I’ve carted this $2 tray around for a number of years, saving it for I-don’t-know-what. Keep in mind I already have a number of trays so it’s not like I needed another one. Not to mention I wanted this for my coffee table in my living room where I’m bringing in turquoise accents and I have two turquoise trays that would probably work just fine.
So there was absolutely no reason to paint this for the living room other than I just felt like it.
And . . . I’ve also carted a piece of scrapbook paper around that my mother happened to love. While I never got around to doing anything with it when she was alive, there’s some comfort when I look at this tray now.
(Kinda weird, but my whole life went haywire 3 years ago when my hubs died unexpectedly so I’m quite used to little signs and symbols bringing my loved ones to mind.)
Anyway, do you wanna see how to do a colorwash on wood with Chalk Paint? I’ll give a little disclaimer before we get started: it didn’t quite turn out the way I thought it would.
I had a teensie little bit of Chalk Paint in Provence left over from the desk I painted last year . . . which is why I decided to do a color wash. I didn’t think I had enough paint for the whole tray.

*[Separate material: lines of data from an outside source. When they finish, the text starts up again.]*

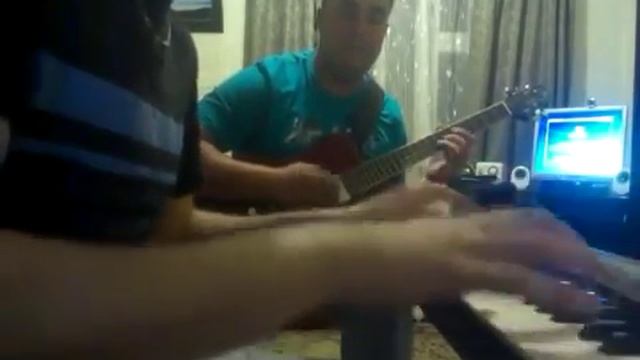 Edem ve Memet - Kökköz haytarması смотреть онлайн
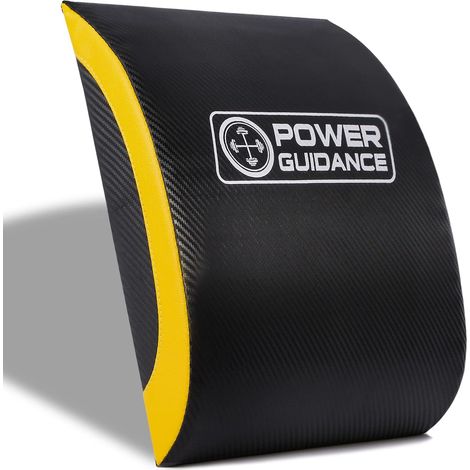 Tapis d'exercices abdominaux et de mouvements complets (1/5)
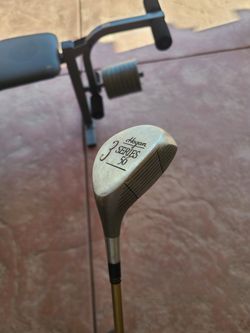 Golf Club 3 Wood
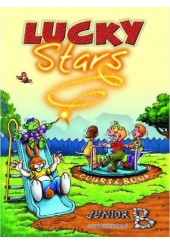 LUCKY STARS JUNIOR Β COURSEBOOK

I poured a random amount of water into a cup and probably less than a teaspoon of paint. I should’ve done the reverse and put a few drops of water into the paint.

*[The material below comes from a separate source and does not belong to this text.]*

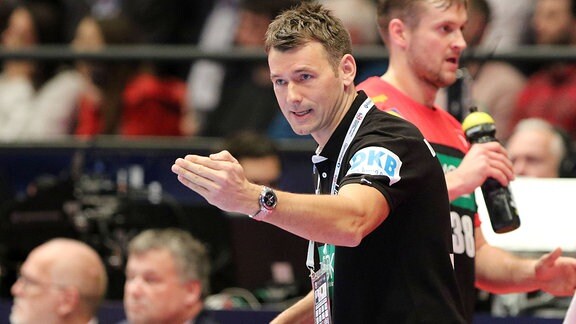 Christian Prokop (Handball-Bundestrainer)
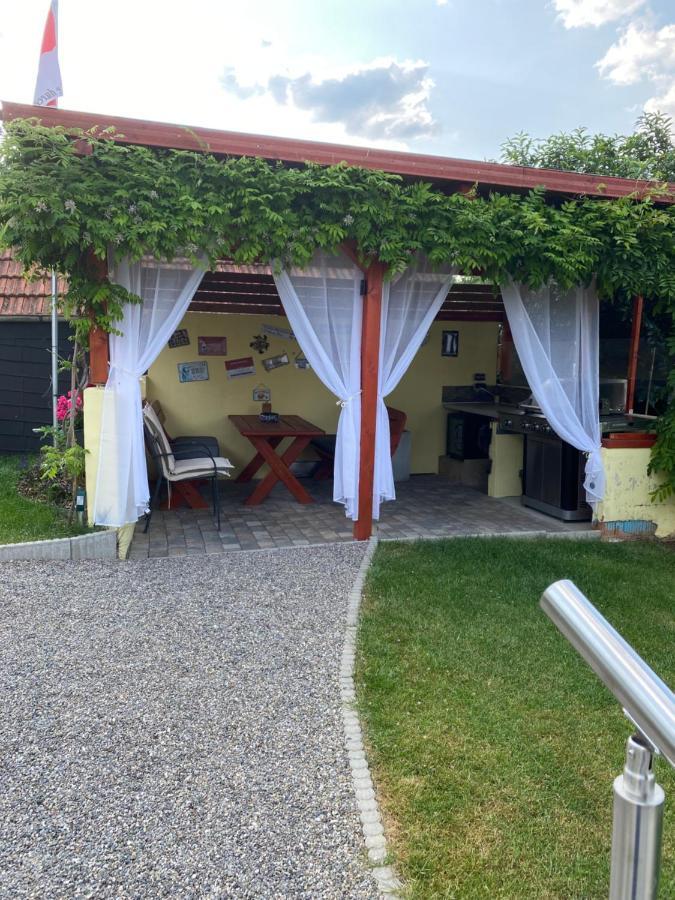 Ferien Wohnung Bad Sackingen Exterior photo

You see, the color Provence was a perfect match to the scrapbook paper. Perfect! And so I thought – logically, or perhaps not – that if I diluted the paint with water I’d get a lighter tint of the hue. But I didn’t. Maybe I would have if I’d added more layers, I dunno.
You’d think after all of these years playing ’round with paint, I’d know better. Huh-uh.
This is after one application of color wash.
Very, very light.
After two layers.
I left it like this for two reasons: 1) I liked seeing the ridges of the wood and 2) I was too impatient to add another couple of layers.
I originally intended on stenciling the sides of the tray but I saw these leaves in the pattern of the scrapbook paper and decided to give them a shot.
With full strength ASCP Provence.
When I first showed you my living room with the turquoise accents – and the tray and paper – I mentioned that I might bring a little peach or coral or poppy into the room too.
I could’ve sworn I had the perfect paint color. I mean, I’ll be the first to admit that the majority of my house is in major upheaval because I’m packing some of Mom’s stuff, moving other stuff around, etc., etc., but my paint?
My paint is organized – by type of paint, in bins by color (unless I’m working on a piece, then I put those colors into a little bin to keep them together).
After searching for the ‘missing’ Poppy, I looked at the really, really orange bottle in my hand and there it was – “Orange Poppy”. sheesh. So I grabbed a bottle of pink paint and mixed a couple drops of Orange Poppy into it.
I do much better mixing paints then mixing paint washes apparently.
Just a little on the top edge of the tray. Oh and btw, if you like a little gradiation in your paint, don’t mix your colors completely. Then you’ll get a little darker here, a little lighter there.
A little tip – when decoupaging, take your color into that space a bit. Ok, I overdid it, but I’m not the best paper-cutter-person.
You probably already know there is a wide variety of Mod Podge formulas now but I’ve always used the regular MP. I found this in my adhesive stash for paper and since my podging skills are right up there with paper cutting, I wanted to give Paper Mod Podge a try.
(I even read the directions.)
However, while I was waiting for the Mod Podge to dry, I looked at my painted leaves.
Right color? yep. But still not enough depth to complement the scrapbook paper.
Out came the Sharpie.
Years ago, maybe 6 or 7 now, I spent a pretty penny and got a huge color selection of Sharpies. They sat in the drawer for years. Not any more. I use them all the time.
And yes, it takes guts to take a permanent marker over something you just painted. No, my markings aren’t perfect . . . far from it. Yes, my hands shake and I get squiggles where I didn’t want them.
But keep in mind nobody is going to look close up. Well . . . not in front of you, at least.
It’s a style thing. You might prefer plain acrylic or plain watercolor paints. Sometimes I do too. But sometimes I like a little definition – or in this case, some depth of color.
At any rate, give them a try. I think you’ll like them for some of your projects.
By the way, no bubbles with Paper Mod Podge.
And the yellow cast is from the incandescent lights in my living room rather than my full spectrum light in my studio.
All in all, the tray turned out pretty cute.
But the color wash?
I’m not so sure. I do like the effect, but I’d prefer a richer color (like the other two I already had).
But then, I’m not done with the room either.
One thing I know for sure – I’d have a hard time picking all the finishes in a new house, envisioning how they’ll work together – or not.
No, I’ll just happily continue watching HGTV and keep playing with my paints.